Information given

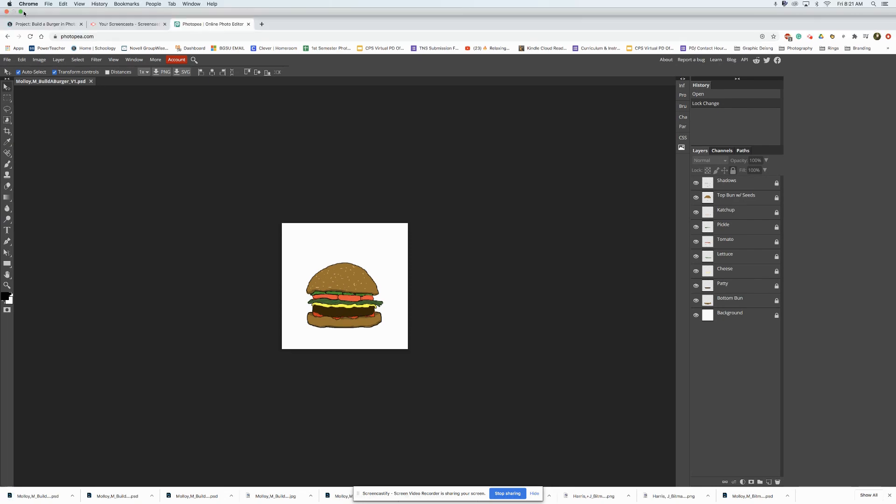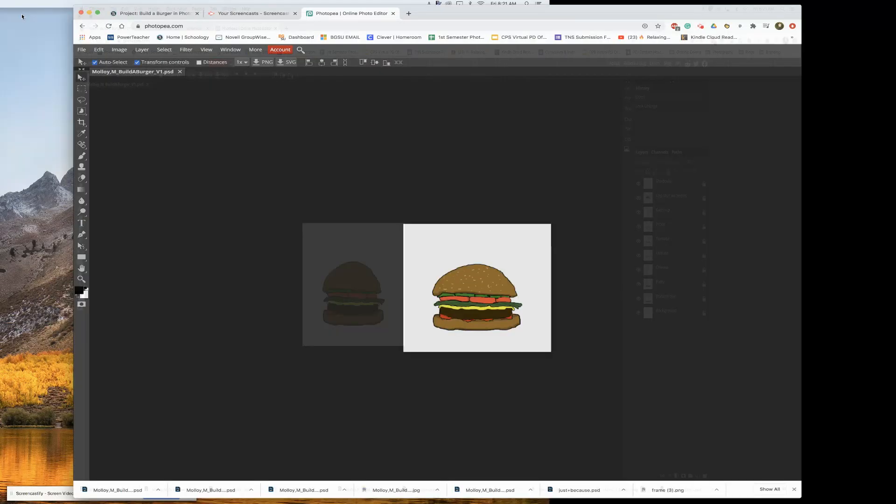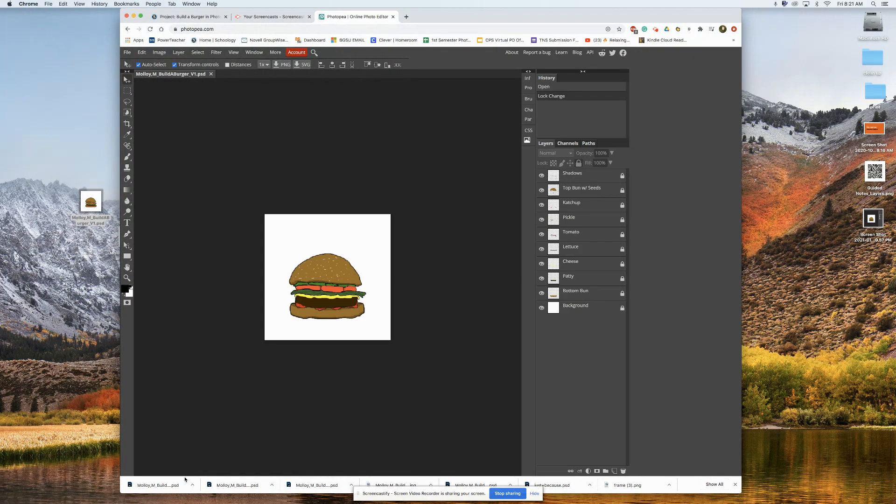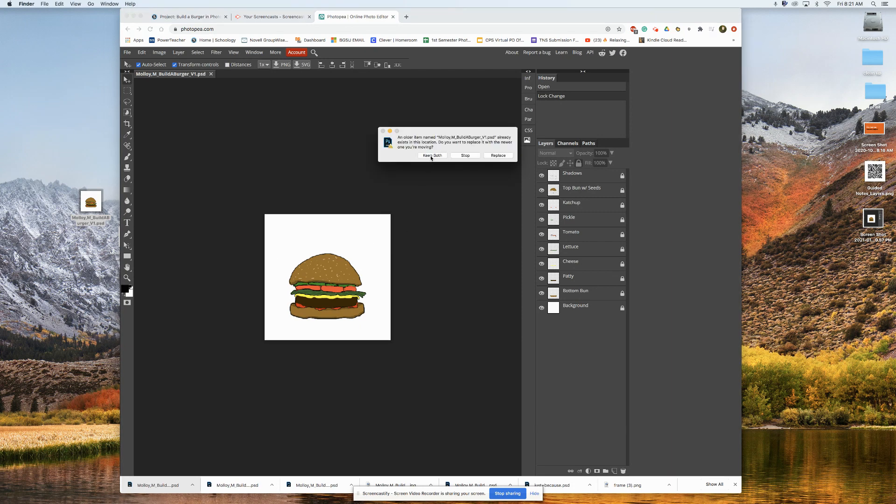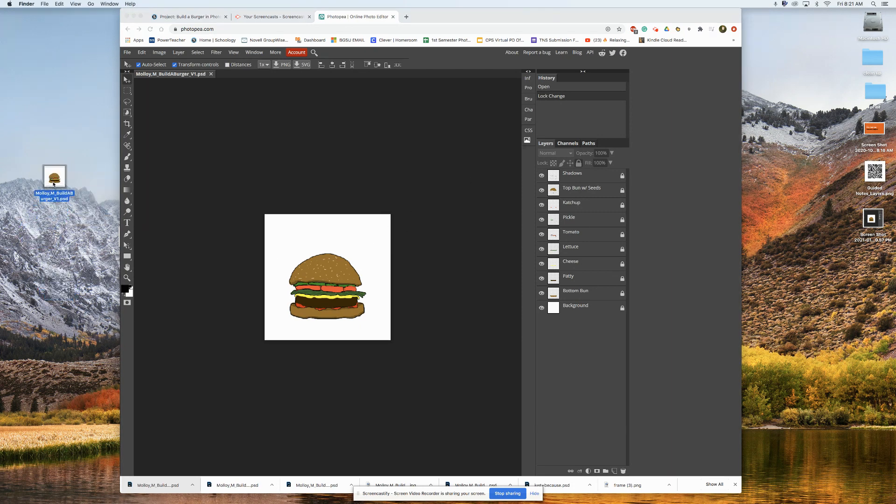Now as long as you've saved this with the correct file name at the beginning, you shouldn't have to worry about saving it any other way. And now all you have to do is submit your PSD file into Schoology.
==
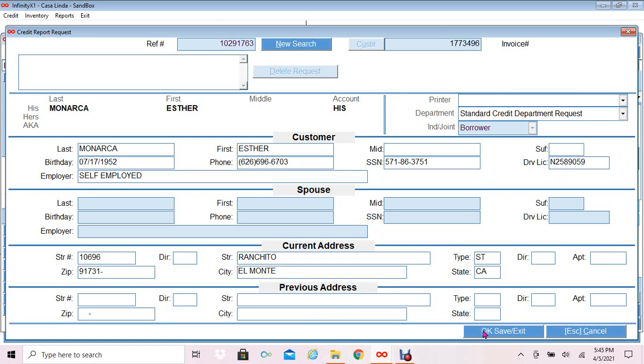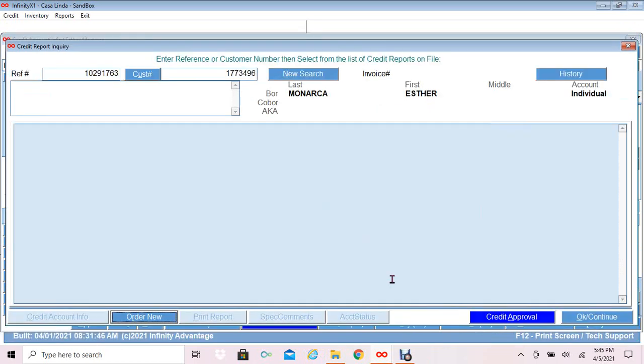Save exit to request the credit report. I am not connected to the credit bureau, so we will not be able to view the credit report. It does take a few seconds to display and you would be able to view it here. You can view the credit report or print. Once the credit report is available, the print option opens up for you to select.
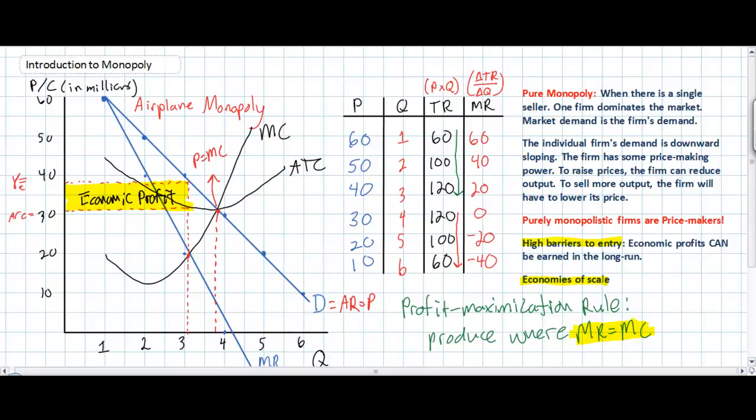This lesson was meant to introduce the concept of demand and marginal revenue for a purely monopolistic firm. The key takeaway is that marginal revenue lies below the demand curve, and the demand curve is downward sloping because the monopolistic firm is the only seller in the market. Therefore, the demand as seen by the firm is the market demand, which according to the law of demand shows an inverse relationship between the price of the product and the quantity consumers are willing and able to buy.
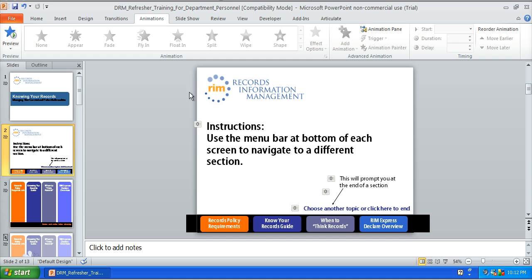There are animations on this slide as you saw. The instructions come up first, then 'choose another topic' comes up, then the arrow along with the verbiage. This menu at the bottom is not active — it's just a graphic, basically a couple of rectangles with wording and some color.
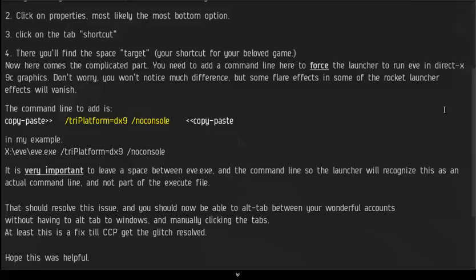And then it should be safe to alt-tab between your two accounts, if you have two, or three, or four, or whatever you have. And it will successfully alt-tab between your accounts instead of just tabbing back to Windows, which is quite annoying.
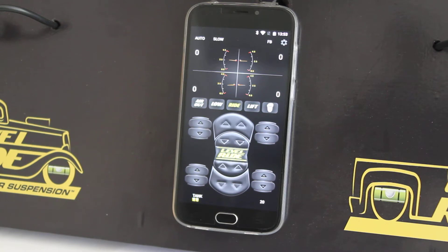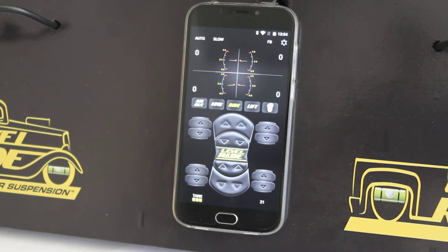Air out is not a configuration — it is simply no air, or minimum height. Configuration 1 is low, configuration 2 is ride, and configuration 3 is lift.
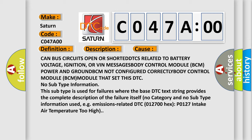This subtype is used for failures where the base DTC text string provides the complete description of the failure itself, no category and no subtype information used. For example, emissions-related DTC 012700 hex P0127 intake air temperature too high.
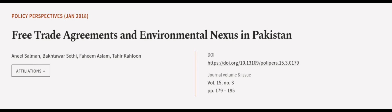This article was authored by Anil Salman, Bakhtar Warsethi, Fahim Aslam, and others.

Task prompt
Using the data above, output the line that has "Air out is not", the line that has "This article was", and whatever lines fall between, each exactly as it stands and without pictures.

Reply
Air out is not a configuration — it is simply no air, or minimum height. Configuration 1 is low, configuration 2 is ride, and configuration 3 is lift.
This subtype is used for failures where the base DTC text string provides the complete description of the failure itself, no category and no subtype information used. For example, emissions-related DTC 012700 hex P0127 intake air temperature too high.
This article was authored by Anil Salman, Bakhtar Warsethi, Fahim Aslam, and others.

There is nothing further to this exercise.